■ Given material
•••••
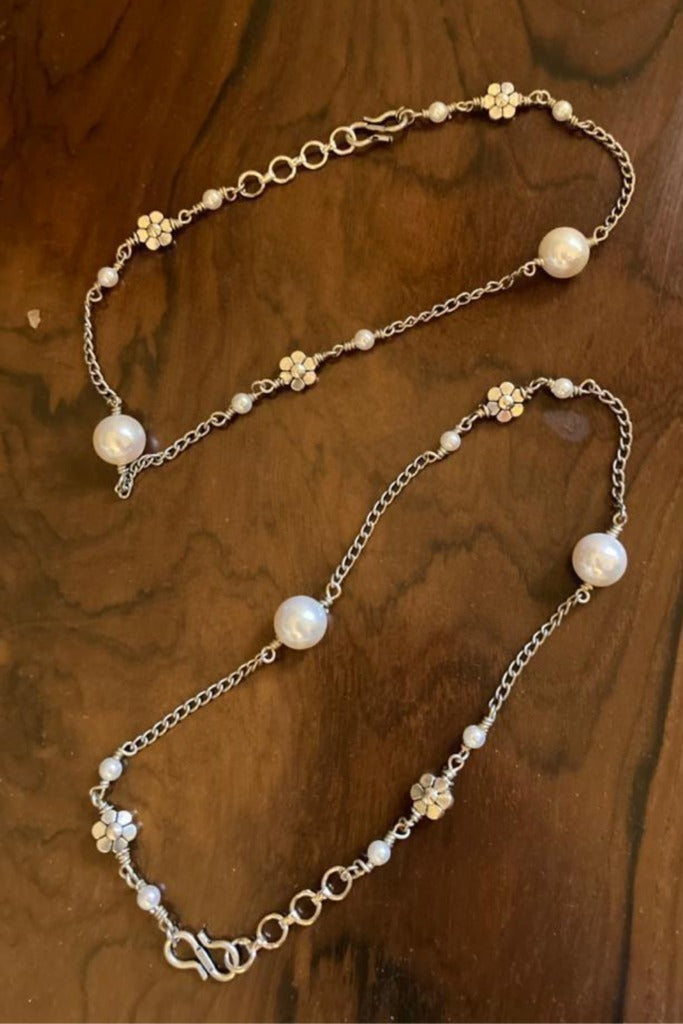 Floral Pearl Anklet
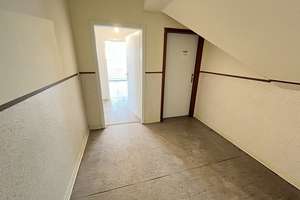 Tolle modernisierte 2- Zimmer Wohnung im Dachgeschoss! – Röntgenplatz 1, 45143 Altendorf, Essen – Vorschaubild 6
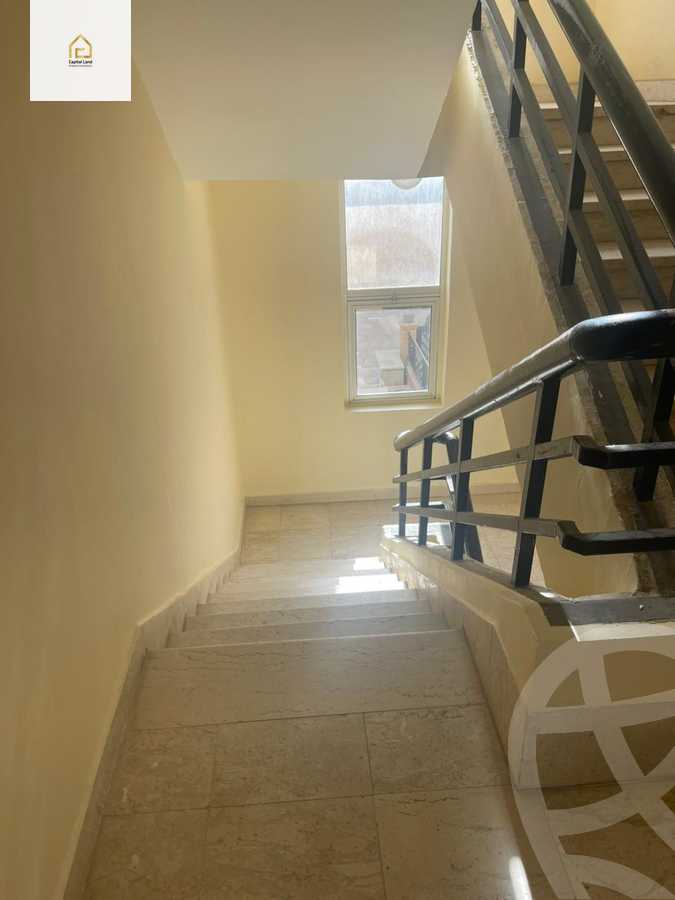https://aqarmap.com.eg/en/listing/5958278-for-rent-cairo-new-cairo-lrhb-city-phase-4-mohammed-farid-st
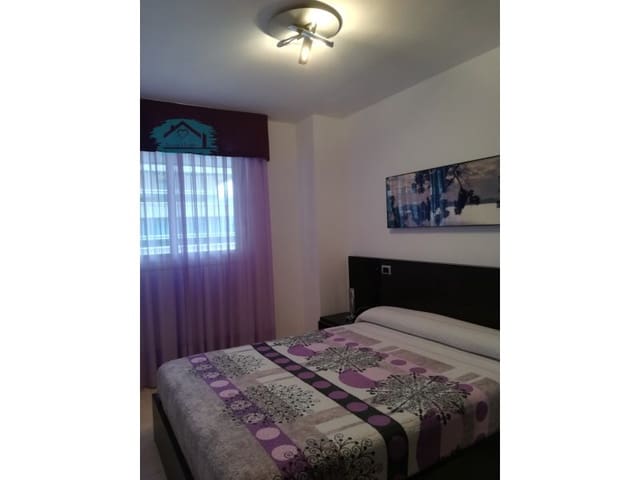 Piso de 2 habitaciones en Oropesa  en alquiler con garaje - 750 € (Ref: 9468770)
•••••
■ What is required
Your task is to write out, exactly and without pictures, only the lines from the one holding "Tolle modernisierte 2- Zimmer" to the last line of the data.

■ Answer for the task
 Tolle modernisierte 2- Zimmer Wohnung im Dachgeschoss! – Röntgenplatz 1, 45143 Altendorf, Essen – Vorschaubild 6
https://aqarmap.com.eg/en/listing/5958278-for-rent-cairo-new-cairo-lrhb-city-phase-4-mohammed-farid-st
 Piso de 2 habitaciones en Oropesa  en alquiler con garaje - 750 € (Ref: 9468770)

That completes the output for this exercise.